--- /dev/null
+Title: Blegg Mode
+Date: 2018-03-01 5:00
+Category: commentary
+Tags: deniably allegorical, epistemology
+Status: draft
+
+As part of a series—ah, Sequence—of [posts explaining the hidden Bayesian structure of language](https://www.lesserwrong.com/sequences/SGB7Y5WERh4skwtnb), Eliezer Yudkowsky [discusses](http://lesswrong.com/lw/nm/disguised_queries/) [a parable](http://lesswrong.com/lw/nn/neural_categories/) [about](http://lesswrong.com/lw/no/how_an_algorithm_feels_from_inside/) factory workers faced with the task of sorting objects which very strongly tend to _either_ be blue, egg-shaped, furry, flexible, opaque, luminescent, and vanadium-cored (categorized by the workers as "bleggs"), _or_ red, cube-shaped, smooth, hard, translucent, non-luminescent, and palladium-cored (categorized by the workers as "rubes").
+
+I want you to imagine that you're a worker in this factory, and occasionally, an object comes down the conveyor belt that's blue, _roughly_ egg-shaped, and furry, but also hard (unlike the typical blegg, which is slightly flexible to the touch). If such objects are extremely rare, you might not notice them at all—you'd quickly categorize each one as a _blegg_ and toss it in the blegg bin without a second thought.
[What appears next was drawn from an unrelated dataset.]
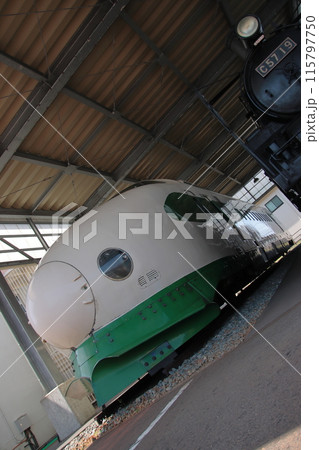 200系新幹線最後の活躍を見せたK47編成221-1510号車(新津鉄道資料館) 200系新幹線最後の活躍を見せたK47編成221-1510号車(新津鉄道資料館) 115797750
But as these unusual hard bleggs start to become more common, you get curious and take the time to examine one.
+
+You make a startling discovery—the object was originally a smooth, hard red cube, of which someone had sanded down the corners to approximate an egg shape, and ironed on a layer of blue _faux_ fur. You show your work to Susan the Senior Sorter.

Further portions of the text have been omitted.